_Work request_
Transcribe the full listing below, word for word, without pictures.

_Supplied material_
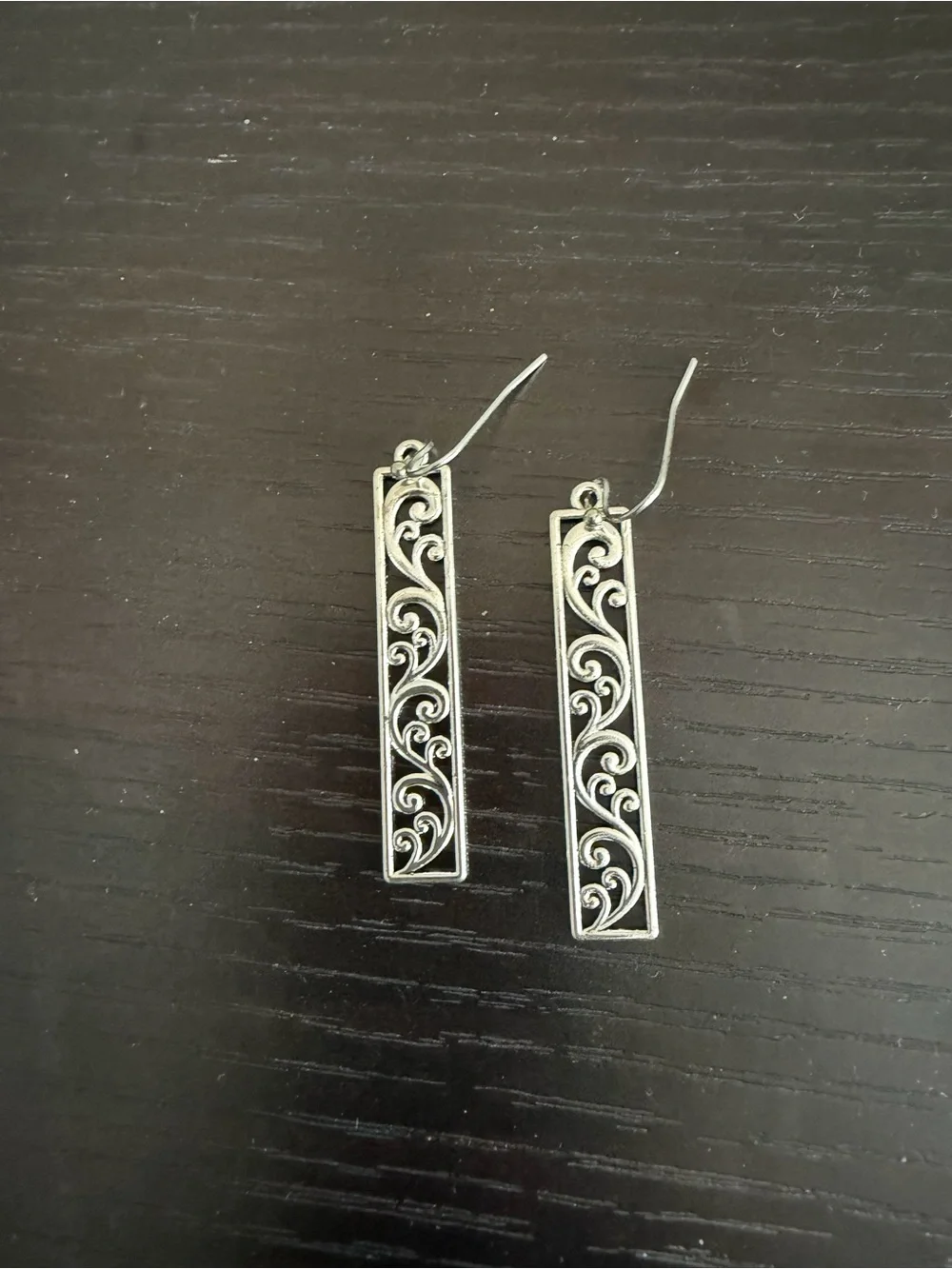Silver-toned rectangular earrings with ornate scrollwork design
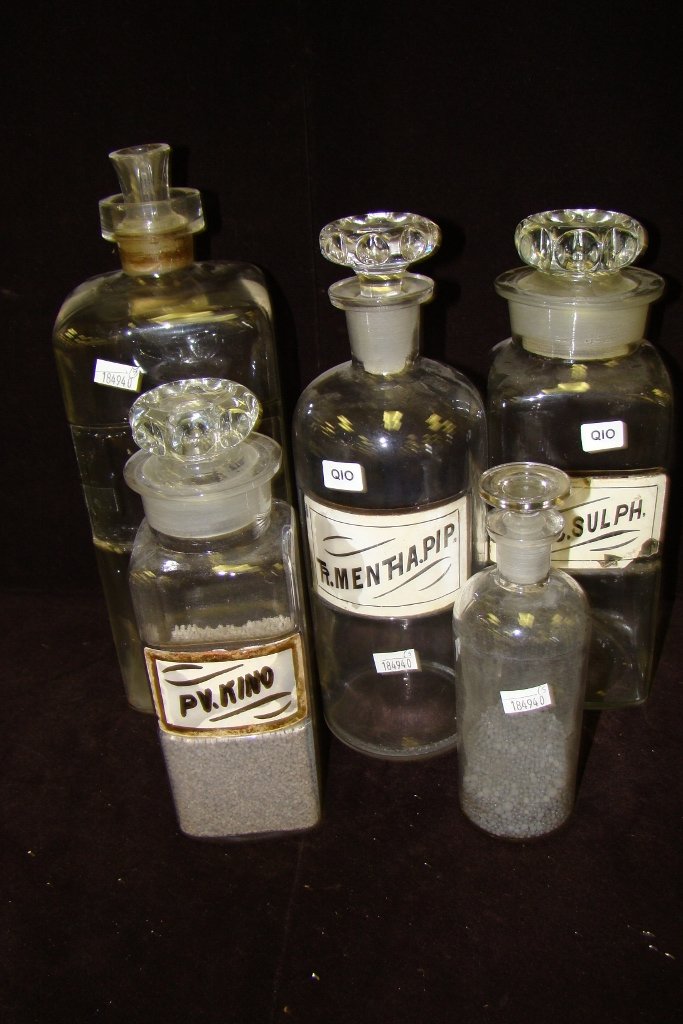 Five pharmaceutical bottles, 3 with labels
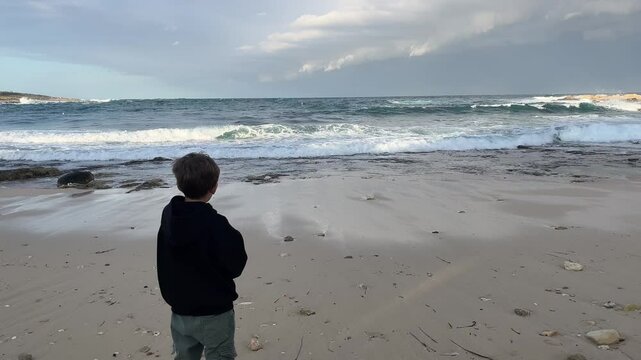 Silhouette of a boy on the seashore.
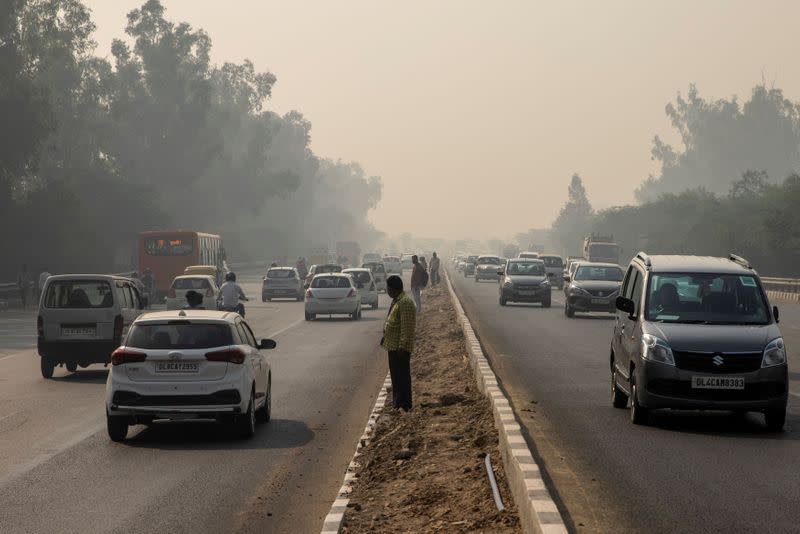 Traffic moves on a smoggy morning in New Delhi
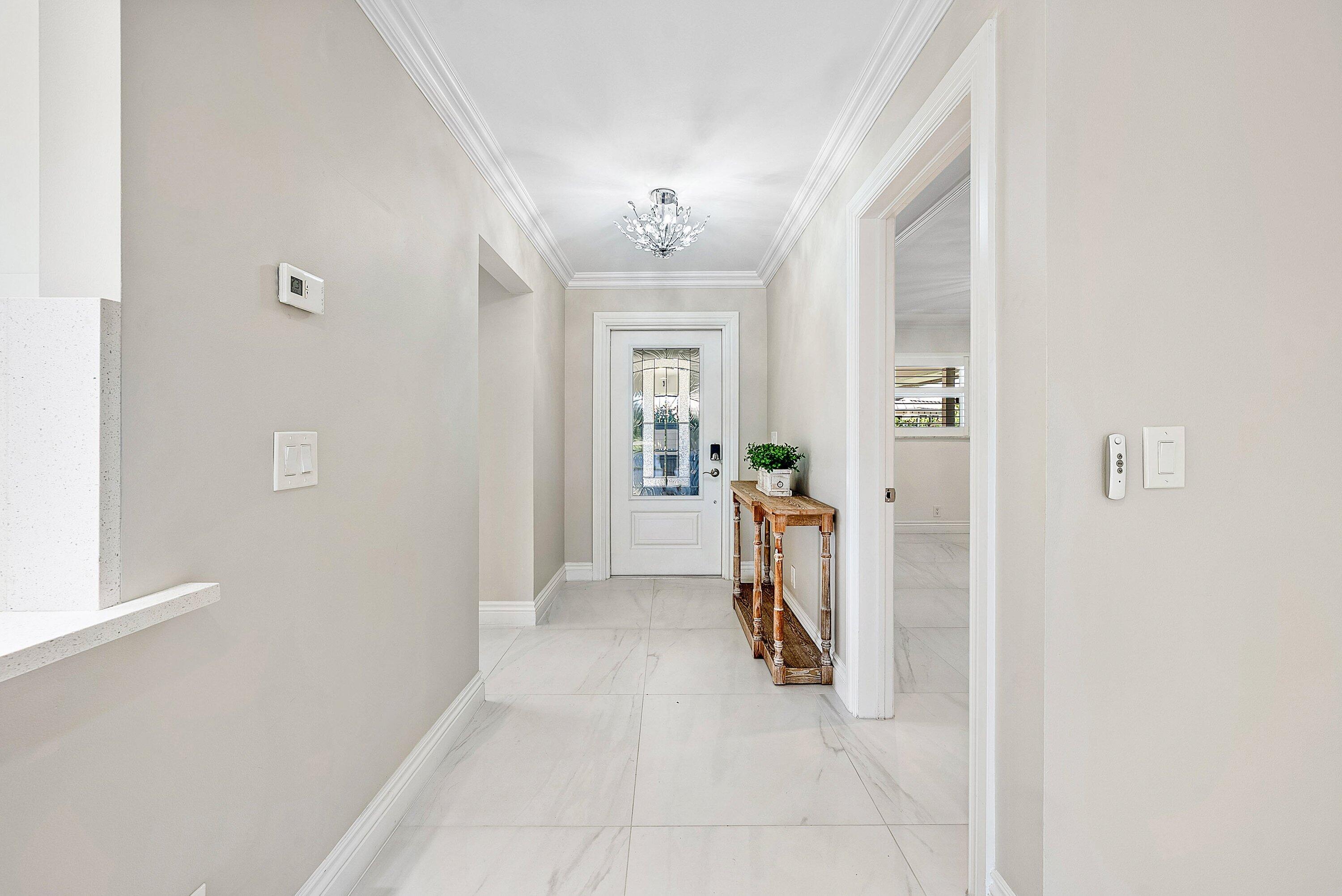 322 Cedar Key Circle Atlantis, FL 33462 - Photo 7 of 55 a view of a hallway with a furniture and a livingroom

_Reply_
Silver-toned rectangular earrings with ornate scrollwork design
 Five pharmaceutical bottles, 3 with labels
 Silhouette of a boy on the seashore.
 Traffic moves on a smoggy morning in New Delhi
 322 Cedar Key Circle Atlantis, FL 33462 - Photo 7 of 55 a view of a hallway with a furniture and a livingroom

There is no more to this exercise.